• EXERCISE AIM: Each line in the material below, starting at the one that contains "Vintage Baby Girl" and ending at the one that contains "Lift elevator doors closing in shopping mall", should be repeated exactly; the pictures should not.

• DATASET RECORDS:
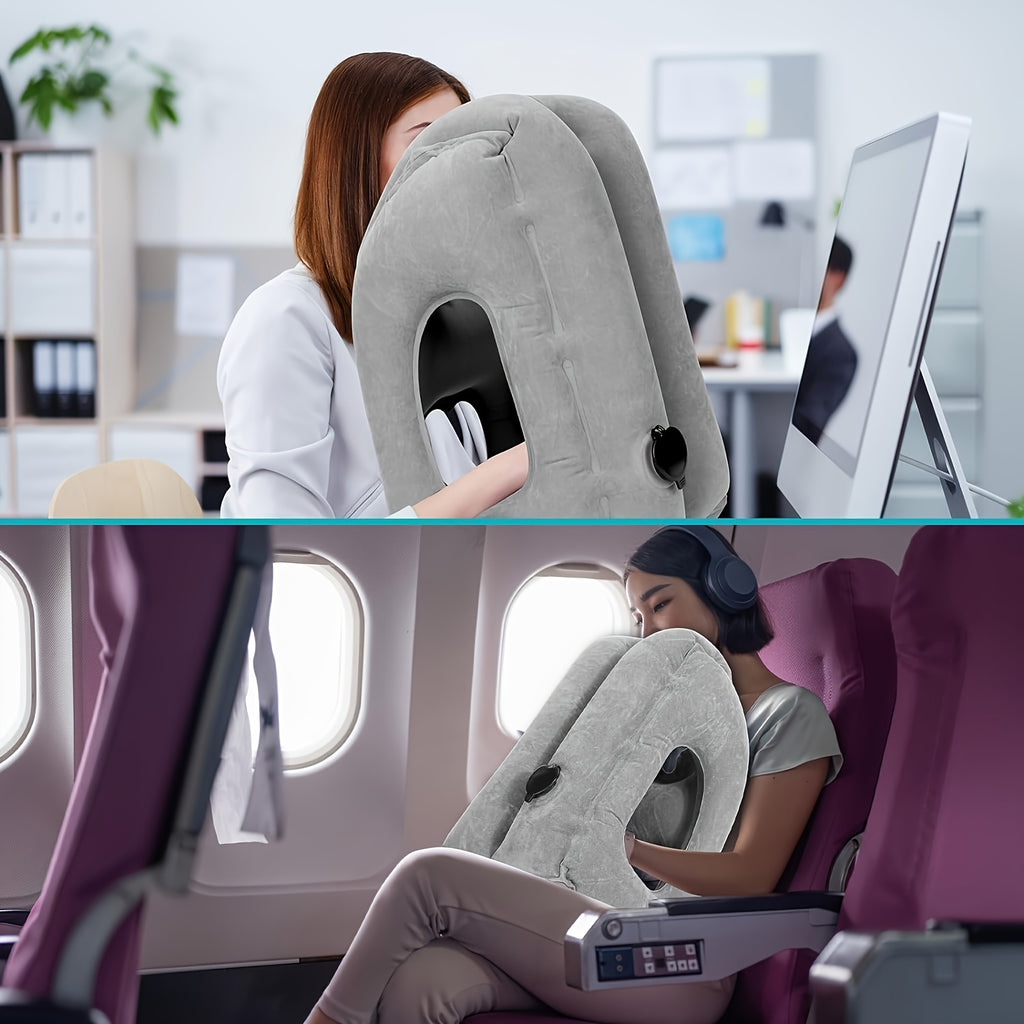 Inflatable Travel Neck Pillow with Patented Valve – Adjustable Firmness Ergonomic Air Pillow for Flights Cars Trains Office Napping, Lightweight Compact, Grey & Black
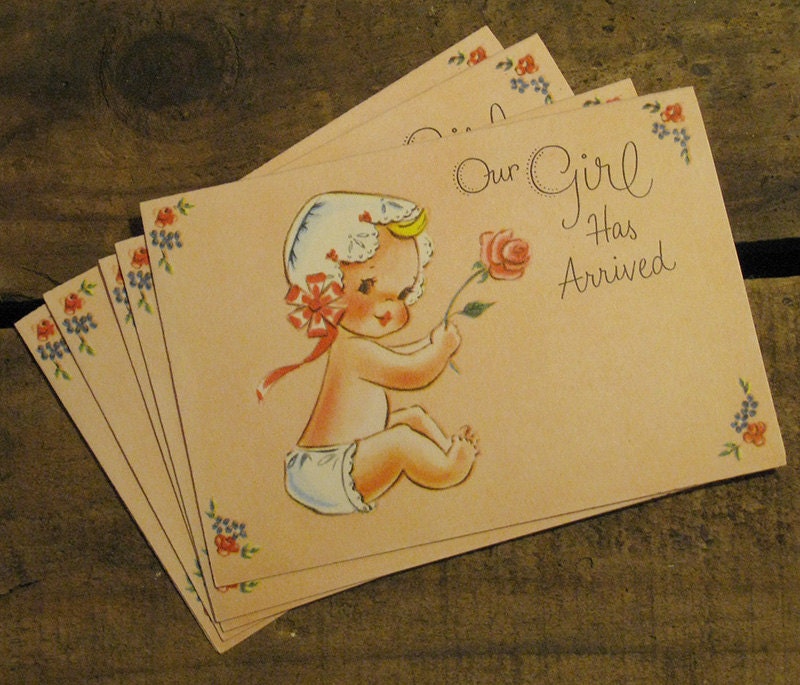 Vintage Baby Girl with Rose Baby Announcements - Set of 12 - Baby Girl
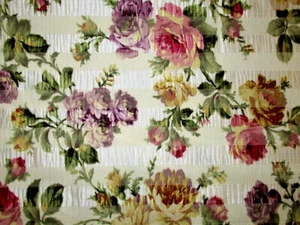 1 YD LG PINK YELLOW PURPLE ROSE ON IVORY TEXTURED POLY COTTON BLEND? FABRIC 54"W - Picture 1 of 2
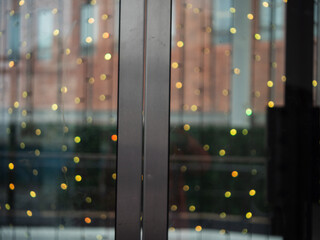 Lift elevator doors closing in shopping mall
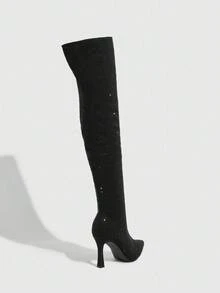 CUCCOO SZL Giày bốt cao đến đùi đính đá Rhinestone thời trang dành cho nữ, gợi cảm và quyến rũ cho tiệc tùng, biểu diễn, câu lạc bộ đêm - màu đen - Xem 6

• COMPLETED EXERCISE:
 Vintage Baby Girl with Rose Baby Announcements - Set of 12 - Baby Girl
 1 YD LG PINK YELLOW PURPLE ROSE ON IVORY TEXTURED POLY COTTON BLEND? FABRIC 54"W - Picture 1 of 2
 Lift elevator doors closing in shopping mall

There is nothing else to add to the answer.